#### [What is expected]
Starting at the first line of the records below, reproduce every line up to and including the line with "Oatmeal with blueberries", but leave out all pictures.

'''

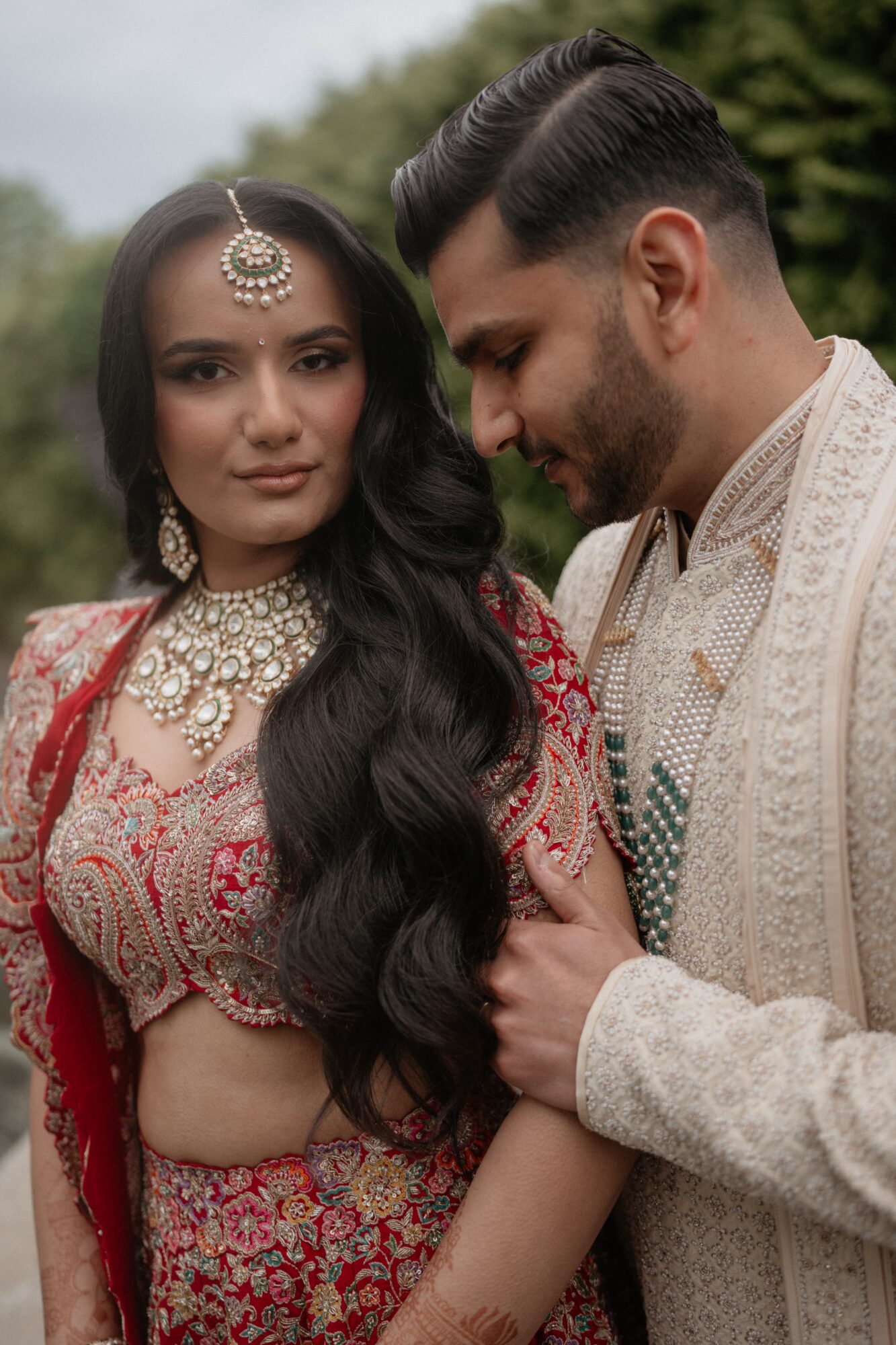 A couple dressed in traditional attire outdoors, with the woman wearing jewelry and the man looking at her affectionately.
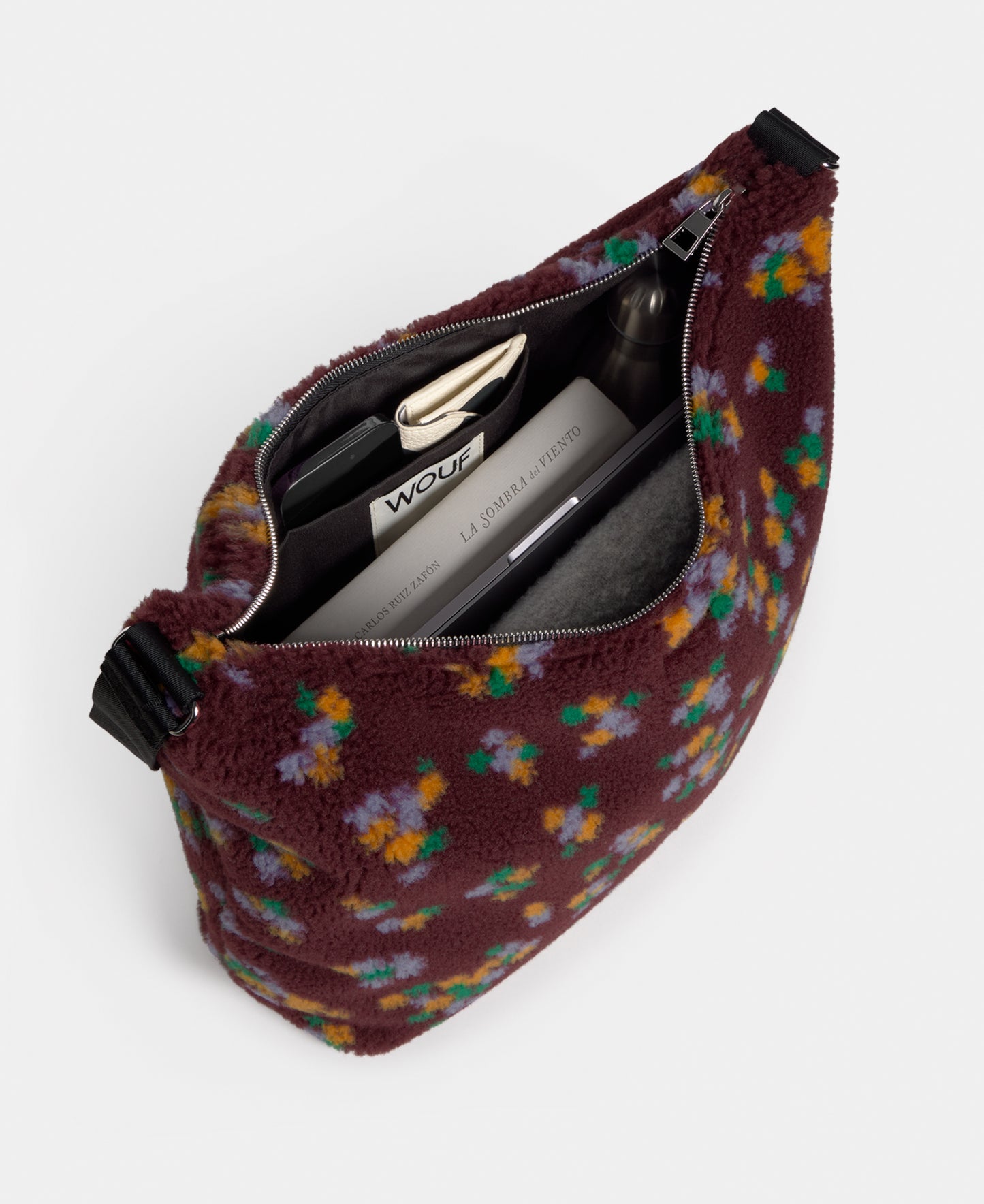 Interior of the hobo bag in teddy fabric with multicolour floral print on a burgundy background - Wouf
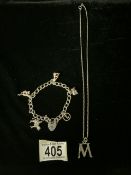A SILVER CHARM BRACELET & A SILVER INITIAL M PENDANT ON CHAIN; BRACELET WITH VARIOUS CHARMS
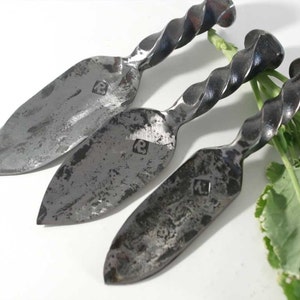 May include: Three hand-forged cheese knives with twisted handles. The knives have a silver finish and are made of metal. Each knife has a small, square mark on the blade.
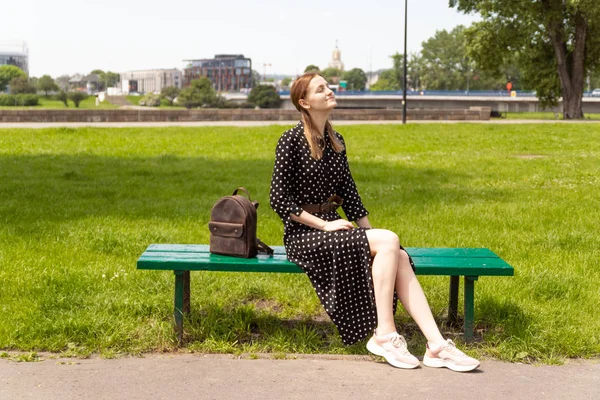 Самотня дівчина в сукні на лавці парку, насолоджується відпусткою . — стокове фото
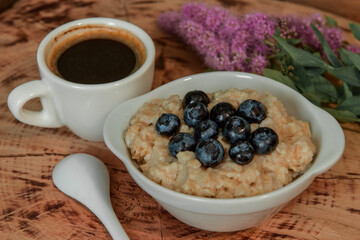 Oatmeal with blueberries for breakfast with coffee on a wooden table. Traditional healthy breakfast. Oatmeal and espresso. Close-up
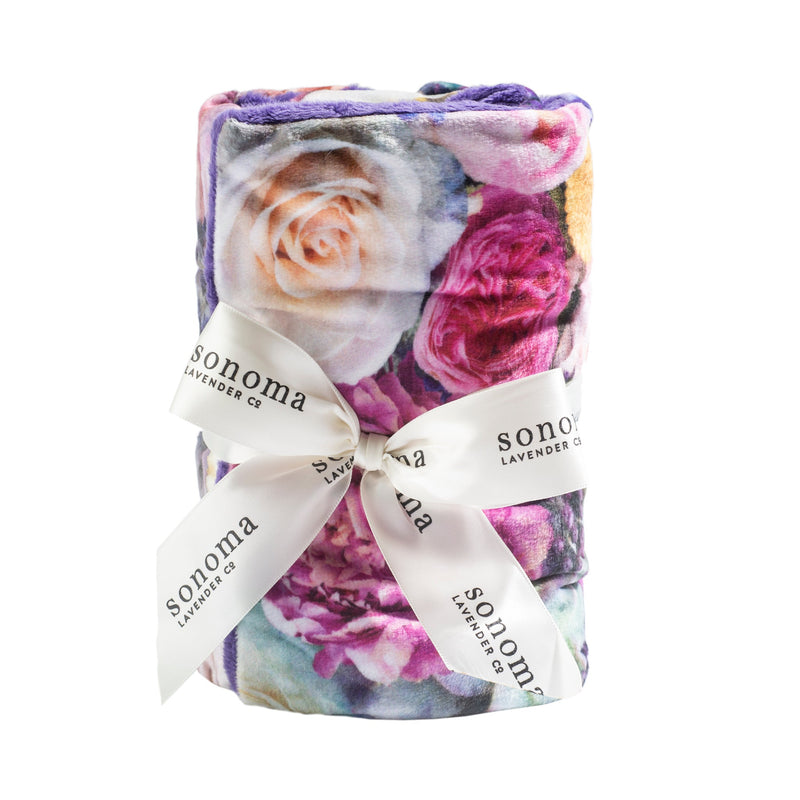 A rolled-up Sonoma Lavender Peony Bouquet Heat Wrap with a floral pattern in shades of purple, pink, and white, tied with a white ribbon printed with "Sonoma Lavender Co." on a white background.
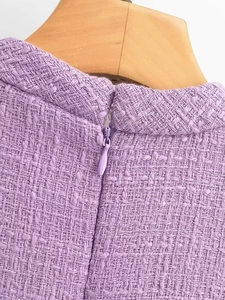 Détail de robe en tweed violet avec fermeture éclair invisible et tissage de haute qualité
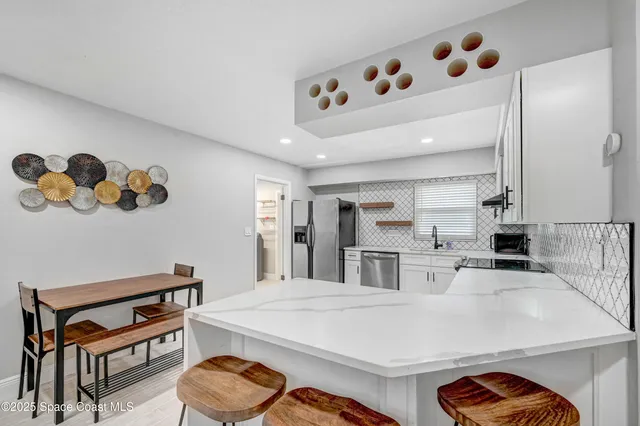a kitchen with cabinets and appliances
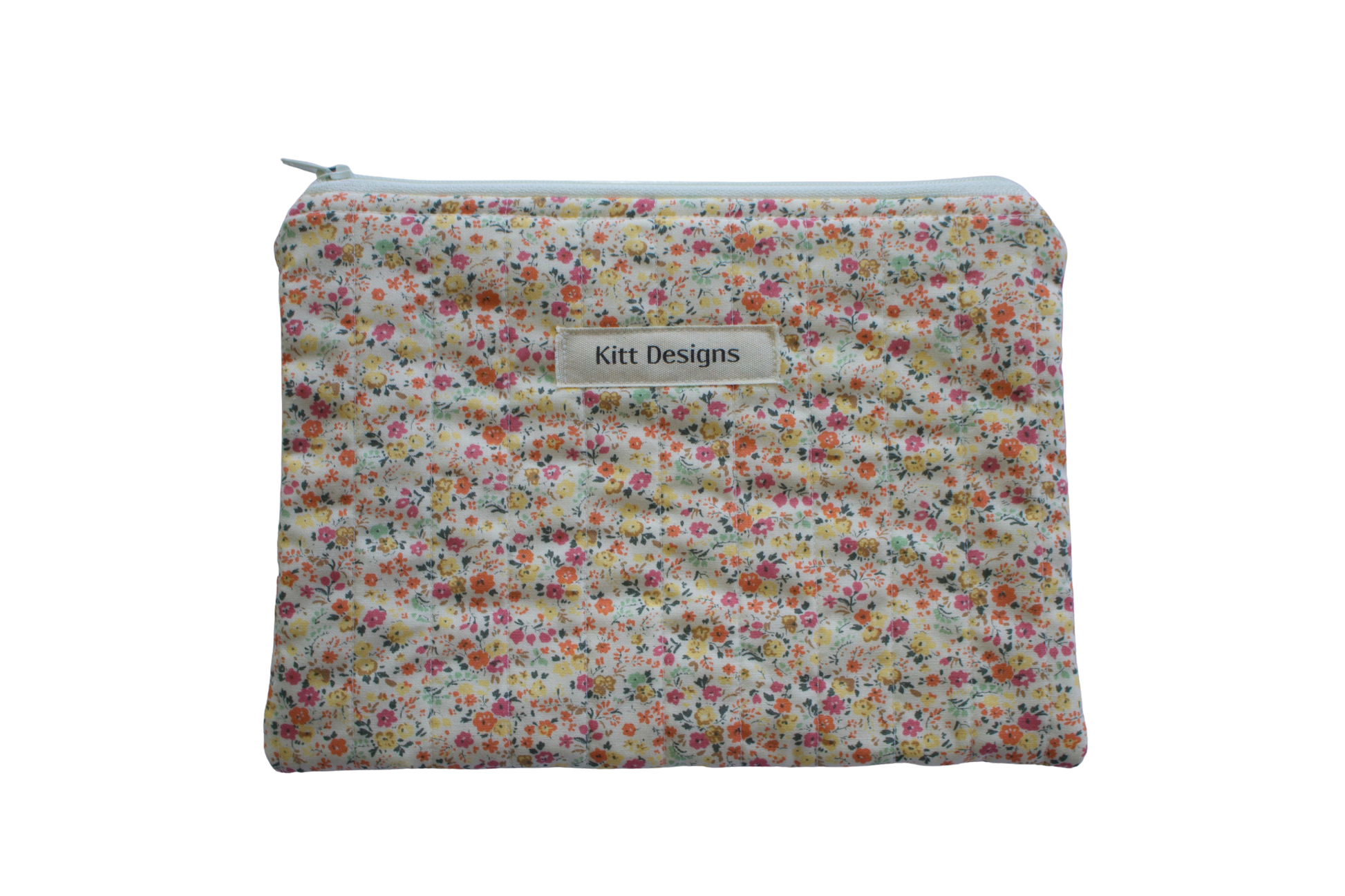 Floral patterned pouch with 'Kitt Designs' label zipper pouch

'''

#### [Task result]
 A couple dressed in traditional attire outdoors, with the woman wearing jewelry and the man looking at her affectionately.
 Interior of the hobo bag in teddy fabric with multicolour floral print on a burgundy background - Wouf
A SILVER CHARM BRACELET & A SILVER INITIAL M PENDANT ON CHAIN; BRACELET WITH VARIOUS CHARMS
 May include: Three hand-forged cheese knives with twisted handles. The knives have a silver finish and are made of metal. Each knife has a small, square mark on the blade.
 Самотня дівчина в сукні на лавці парку, насолоджується відпусткою . — стокове фото
 Oatmeal with blueberries for breakfast with coffee on a wooden table. Traditional healthy breakfast. Oatmeal and espresso. Close-up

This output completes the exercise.